Furin activity is critical in rendering immature particles infectious

Efficient FcγIIR-mediated cell entry does not however clarify what is the trigger for immature virions to become infectious, since the presence of prM has been shown to obstruct membrane fusion activity of the virus [14],[16],[18]. One could speculate that anti-prM antibody bound to immature virions induces a conformational change that would enable the E protein to trigger membrane fusion irrespective of the presence of prM. Another scenario might be that prM-containing virions mature upon cell entry since furin, although predominantly present in the TGN, also shuttles between early endosomes and the cell surface.
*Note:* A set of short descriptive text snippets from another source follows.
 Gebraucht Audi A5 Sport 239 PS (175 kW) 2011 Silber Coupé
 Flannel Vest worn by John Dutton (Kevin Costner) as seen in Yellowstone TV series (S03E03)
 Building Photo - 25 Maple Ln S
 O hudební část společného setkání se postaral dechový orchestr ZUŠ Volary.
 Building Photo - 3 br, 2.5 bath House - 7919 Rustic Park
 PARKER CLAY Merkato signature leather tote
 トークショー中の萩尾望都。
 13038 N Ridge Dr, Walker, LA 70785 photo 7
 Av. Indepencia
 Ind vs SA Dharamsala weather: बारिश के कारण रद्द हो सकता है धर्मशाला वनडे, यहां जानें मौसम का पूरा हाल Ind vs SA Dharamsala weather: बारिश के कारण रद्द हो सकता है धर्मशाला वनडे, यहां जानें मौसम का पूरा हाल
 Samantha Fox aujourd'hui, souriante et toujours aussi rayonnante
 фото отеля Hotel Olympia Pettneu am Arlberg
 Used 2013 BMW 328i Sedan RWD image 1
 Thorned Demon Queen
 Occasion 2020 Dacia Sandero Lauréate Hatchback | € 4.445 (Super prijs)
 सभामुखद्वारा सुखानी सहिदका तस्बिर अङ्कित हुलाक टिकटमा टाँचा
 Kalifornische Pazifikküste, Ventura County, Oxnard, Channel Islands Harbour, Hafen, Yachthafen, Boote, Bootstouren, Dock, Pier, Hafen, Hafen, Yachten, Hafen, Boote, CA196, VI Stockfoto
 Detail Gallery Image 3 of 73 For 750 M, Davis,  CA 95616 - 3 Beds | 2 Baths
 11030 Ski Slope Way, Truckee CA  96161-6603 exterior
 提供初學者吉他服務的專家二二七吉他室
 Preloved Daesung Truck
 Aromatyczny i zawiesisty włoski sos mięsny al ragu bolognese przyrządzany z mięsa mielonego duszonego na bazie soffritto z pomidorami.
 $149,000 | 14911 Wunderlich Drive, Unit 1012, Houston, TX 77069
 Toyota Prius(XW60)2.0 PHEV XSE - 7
To verify the potential involvement of furin during virus cell entry, we investigated the infectious properties of antibody-opsonized immature DENV in cells treated with furin inhibitor, decanoyl-L-arginyl-L-valyl-L-lysyl-L-arginyl-chloromethylketone (decRRVKR-CMK). In aqueous solution, decRRVKR-CMK has a half-life of 4–8 h [29] and therefore it is not expected to interfere with the maturation process of newly assembled virions within the infected cell. The results show that inhibition of furin activity completely abrogated virus particle production in cells infected with antibody-opsonized immature virions, whereas infection of cells with wild-type virus remained unaffected under these conditions (Fig. 3A).

Figure 3
Immature DENV particles mature upon FcγIIR-mediated cell entry.

To further substantiate the role of furin in triggering viral infectivity, we generated a furin cleavage-deficient virus (pDENprMΔ90) by deletion of the lysine on the position 90 (87-R-R-E-K-R-91) within the furin recognition sequence. Subsequently, DENVprMΔ90 virus and wild-type DENV-2 16681 (generated from pD2/IC-30P) virus were produced by transfection of RNA transcripts derived from the cDNA plasmids into BHK-15 cells. Virus production was measured by determining the number of physical particles based on GCP and the number of infectious units as measured by plaque assay. The presence of physical particles was further evaluated in three-layer ELISA experiments, by coating plates with a similar number of genome-containing DENVprMΔ90 particles and LoVo-derived immature particles. Similar OD values were measured for DENVprMΔ90 and LoVo-derived viruses (data not shown), which confirms the presence of physical particles and suggests that the number of genome-containing particles is accurately determined. Subsequent titration studies revealed that the specific infectivity of DENVprMΔ90 mutant virus is reduced by a factor of 12.000 compared to that of wild-type virus (generated from pD2/IC-30P) and is comparable to LoVo-derived immature virus. Next, K562 cells were infected with DENVprMΔ90 mutant virus opsonized with increasing concentrations of prM antibody 70–21. Figure 3B shows that disruption of the furin-recognition motif within the prM protein of the virus abrogates the enhancing activity of the anti-prM-antibody, demonstrating that enzymatic cleavage of prM to M by furin is critical to render immature DENV infectious.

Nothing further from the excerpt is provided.